Very Large Data Files, Object Stores, and Deep Learning—Lessons Learned While Looking for Signs of Extra-Terrestrial Life

In this session, IBM will present details on advanced Apache Spark analytics currently being performed through a collaborative project with the SETI Institute, NASA, Swinburne University, Stanford University and IBM. The Allen Telescope Array in northern California has been continuously scanning the skies for over two decades, generating data archives with over 200 million signal events.
Come and learn how astronomers and researchers are using Apache Spark, in conjunction with assets such as IBM’s Cognitive Compute Cluster with over 700 GPUs, to train neural net models for signal classification, and to perform computationally intensive Spark workloads on multi-terabyte binary signal files. The speakers will also share details on one of the key components of this implementation: Stocator, an open source (Apache License 2.0) object store connector for Hadoop and Apache Spark, specifically designed to optimize their performance with object stores. Learn how Stocator works, and see how it was able to greatly improve performance and reduce the quantity of resources used, both for ground-to-cloud uploads of very large signal files, and for subsequent access of radio data for analysis using Spark.

Session hashtag: #SFeco2

About Graham Mackintosh

Graham is project executive in the IBM Emerging Technology Division, focusing on the use of Apache Spark on complex analytic areas such as radio signal processing, high energy particle physics jet discrimination, homeland security, and cyber crime detection. He received his degree in computer science from Queen’s University in Canada, and has over 25 years of career experience in advanced analytics, and artificial intelligence.
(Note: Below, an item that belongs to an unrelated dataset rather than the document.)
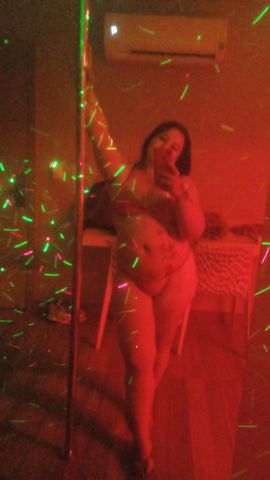 Olá amores sou baixinha 1,57, e estou em Pirituba atendo hotel e motel, carro tbm, atendimento discreto e bem carinhoso ,chamada de vídeo e videos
Most recently, Graham has focused on the application of Apache Spark to very large volumes of scientific data, with an emphasis on the application of deep learning to large data sets..

About Gil Vernik

Gil is a researcher in IBM, storage clouds, security, and analytics group. He received his PhD degree in Mathematics from the University of Haifa and completed a post doctoral position in Germany. In IBM he works with Apache Spark, Hadoop, Object Stores, no-SQL databases. He has more than 25 years of experience as a code developer, both server side and client side, knows Java, Python, Scala, C/C++, and Erlang.